- _DIRECTIONS_
Everything below from the line with "Céfiro dev by" through the line with "ROLLING STONES PAINT" must be retyped exactly, except the pictures.

- _DATA_
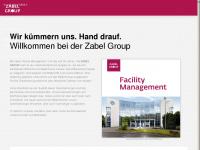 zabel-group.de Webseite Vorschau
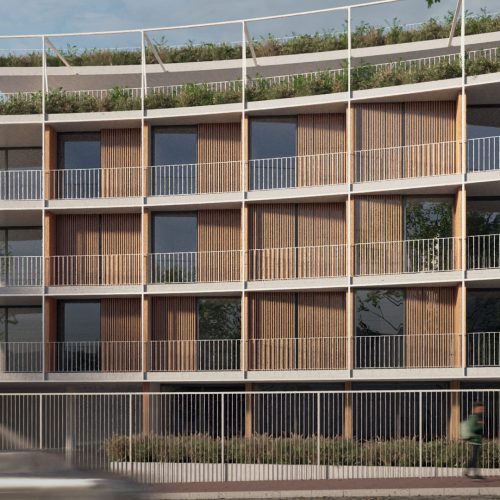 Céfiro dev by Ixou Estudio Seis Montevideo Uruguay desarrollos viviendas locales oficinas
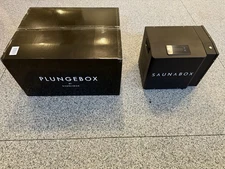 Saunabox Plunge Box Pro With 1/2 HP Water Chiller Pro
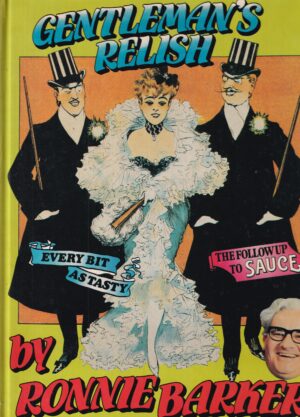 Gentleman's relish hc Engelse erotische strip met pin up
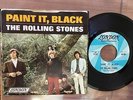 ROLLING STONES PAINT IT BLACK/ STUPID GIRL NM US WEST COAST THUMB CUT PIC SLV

...

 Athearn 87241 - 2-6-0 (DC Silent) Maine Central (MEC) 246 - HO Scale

- _RESULT BELOW_
 Céfiro dev by Ixou Estudio Seis Montevideo Uruguay desarrollos viviendas locales oficinas
 Saunabox Plunge Box Pro With 1/2 HP Water Chiller Pro
 Gentleman's relish hc Engelse erotische strip met pin up
 ROLLING STONES PAINT IT BLACK/ STUPID GIRL NM US WEST COAST THUMB CUT PIC SLV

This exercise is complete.